═══ Dataset ═══

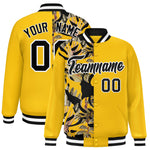 Custom Yellow Varsity Full-Snap Flower Pattern Letterman Two Tone Split Fashion Jacket | BuyFootballJersey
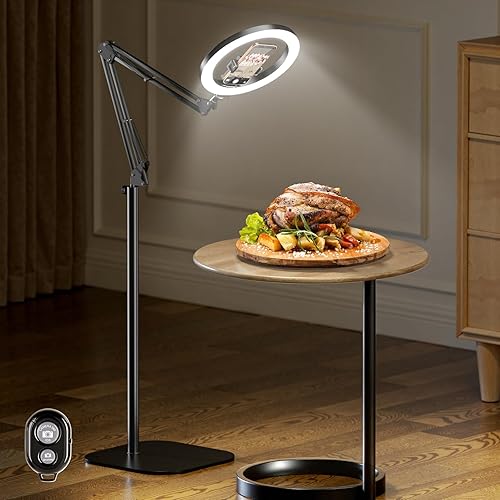 LUXSURE Tripod for iPhone with Light,71" Overhead Phone Mount with Phone Holder,Adjustable Ring Light with Stand and iPhone Tripod for Video Recording,Cooking,Painting,TikTok,YouTube - Standing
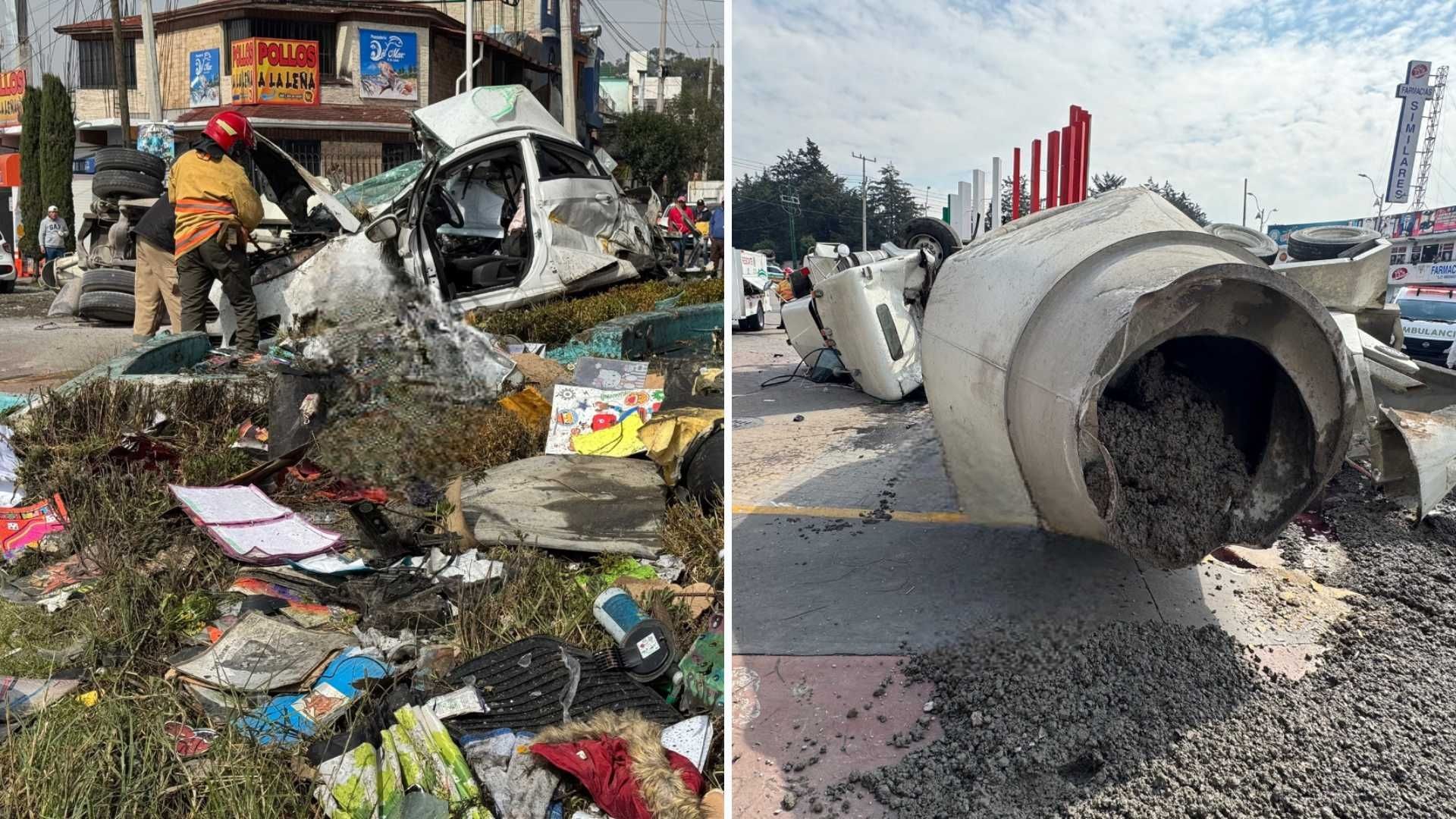 Revolvedora de Cemento Choca contra Auto en Almoloya, Edomex; Reportan a Maestra Grave | VIDEO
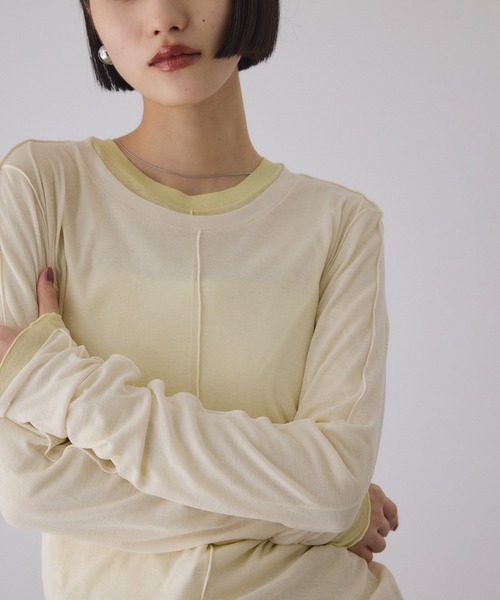 ADAM ET ROPE'（アダムエロペ）の「シアーフライスロンT（Tシャツ/カットソー・レディース・ブラック/キナリ/イエロー・FREE）」の14枚目の写真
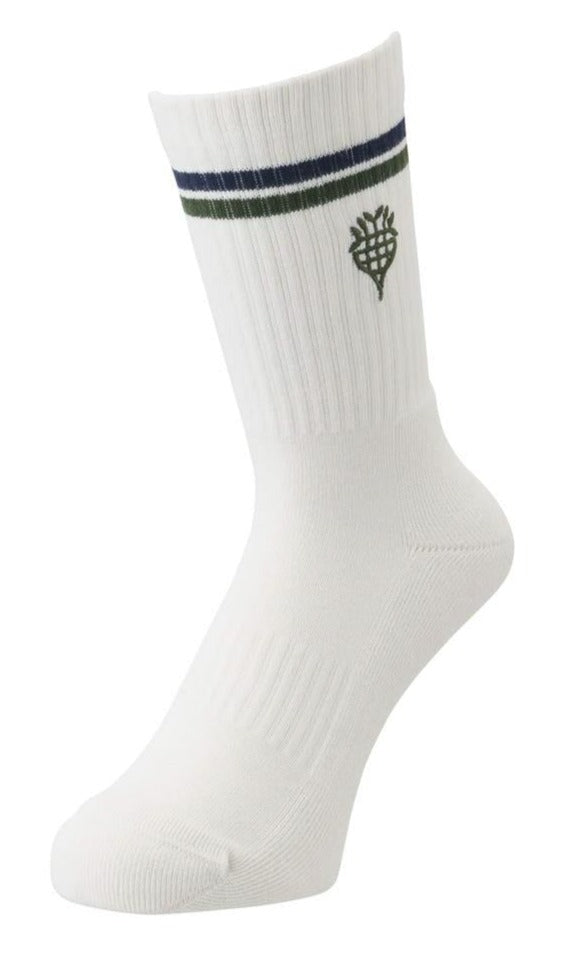 The Yonex Nature Series 19215 Badminton Socks in Off White showcase a ribbed texture with two green and blue stripes at the top, complemented by an embroidered green stylized leaf pattern on the side. Made from recycled polyester, these socks are both stylish and eco-conscious.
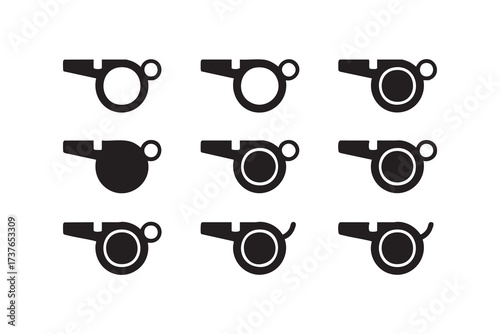 Collection of Whistle Icons for Sports Referees Black White Illustration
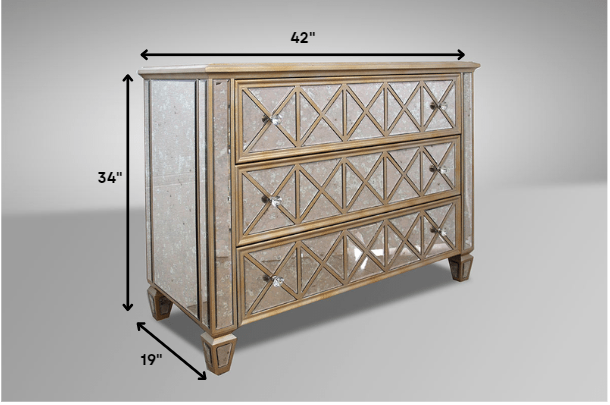 34' Mirrored Glass and MDF Dresser with 3 Drawers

═══

**What to do:** An exact copy of each entry is required, minus the pictures.

**Task solution:**
 Custom Yellow Varsity Full-Snap Flower Pattern Letterman Two Tone Split Fashion Jacket | BuyFootballJersey
 LUXSURE Tripod for iPhone with Light,71" Overhead Phone Mount with Phone Holder,Adjustable Ring Light with Stand and iPhone Tripod for Video Recording,Cooking,Painting,TikTok,YouTube - Standing
 Revolvedora de Cemento Choca contra Auto en Almoloya, Edomex; Reportan a Maestra Grave | VIDEO
 ADAM ET ROPE'（アダムエロペ）の「シアーフライスロンT（Tシャツ/カットソー・レディース・ブラック/キナリ/イエロー・FREE）」の14枚目の写真
 The Yonex Nature Series 19215 Badminton Socks in Off White showcase a ribbed texture with two green and blue stripes at the top, complemented by an embroidered green stylized leaf pattern on the side. Made from recycled polyester, these socks are both stylish and eco-conscious.
 Collection of Whistle Icons for Sports Referees Black White Illustration
 34' Mirrored Glass and MDF Dresser with 3 Drawers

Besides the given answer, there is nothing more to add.